JEE Advanced 2022 Paper 2 Q17 Chemistry Inorganic Chemistry Qualitative Analysis Medium

JEE Advanced 2022 Paper 2 · Q17 · Qualitative Analysis

The reaction of Pb(NO$_3$)$_2$ and NaCl in water produces a precipitate that dissolves upon the addition of HCl of appropriate concentration. The dissolution of the precipitate is due to the formation of

  1. A. PbCl$_2$
  2. B. PbCl$_4$
  3. C. [PbCl$_4$]$^{2-}$
  4. D. [PbCl$_6$]$^{2-}$
Reveal answer + step-by-step solution

Correct answer:C

Solution

Step 1 — Pb(NO$_3$)$_2$ + 2 NaCl $\rightarrow$ PbCl$_2$ (white ppt, sparingly soluble) + 2 NaNO$_3$.

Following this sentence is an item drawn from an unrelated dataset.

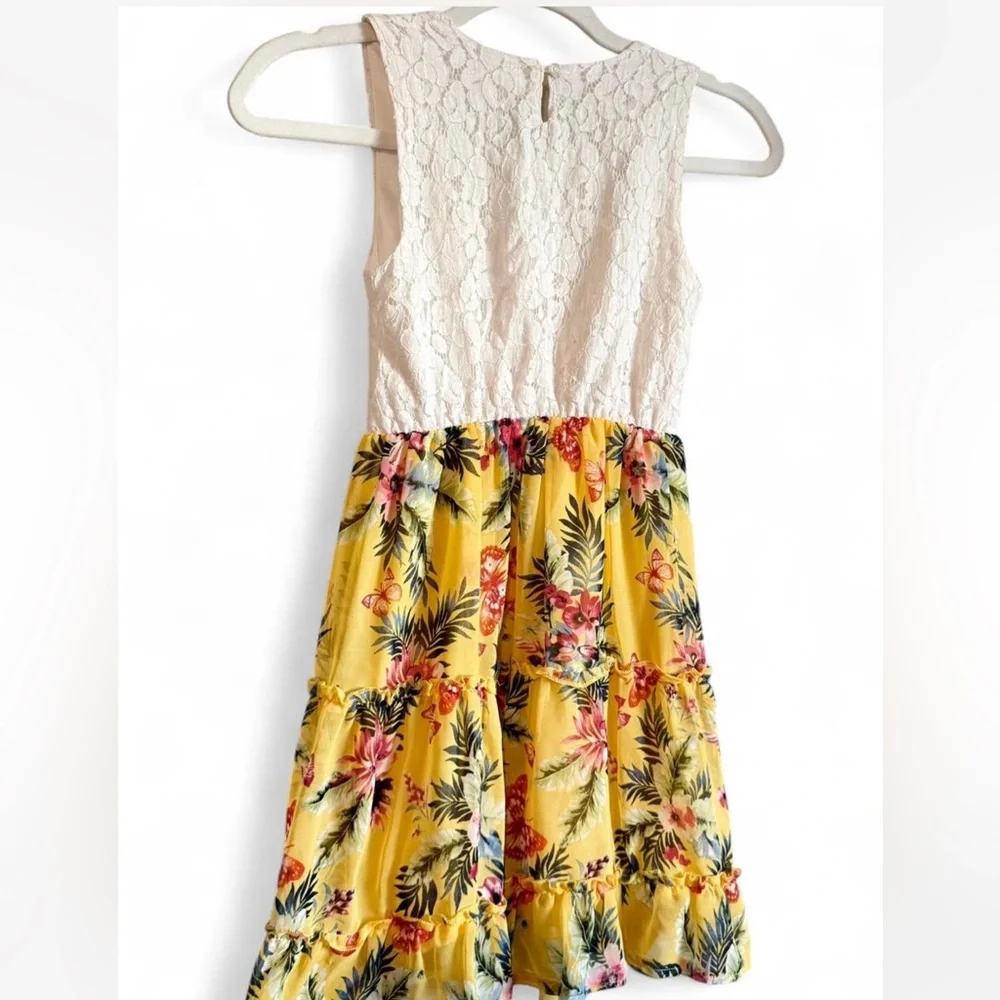 Knitworks Girls Size 10 Yellow floral tiered‎ dress with white lace top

Step 2 — PbCl$_2$ + 2 HCl $\rightarrow$ H$_2$[PbCl$_4$], i.e. the soluble tetrachloroplumbate(II) complex anion [PbCl$_4$]$^{2-}$. The dissolution is due to complex-ion formation.

Pb(II) (5d$^{10}$6s$^2$, lone pair on Pb in +2 oxidation state) forms 4-coordinate [PbCl$_4$]$^{2-}$ in concentrated HCl. The +4 oxidation state [PbCl$_6$]$^{2-}$ would require an oxidising agent (HCl is not a strong enough oxidiser to take Pb(II) to Pb(IV) under these conditions).

Answer: (C) [PbCl$_4$]$^{2-}$.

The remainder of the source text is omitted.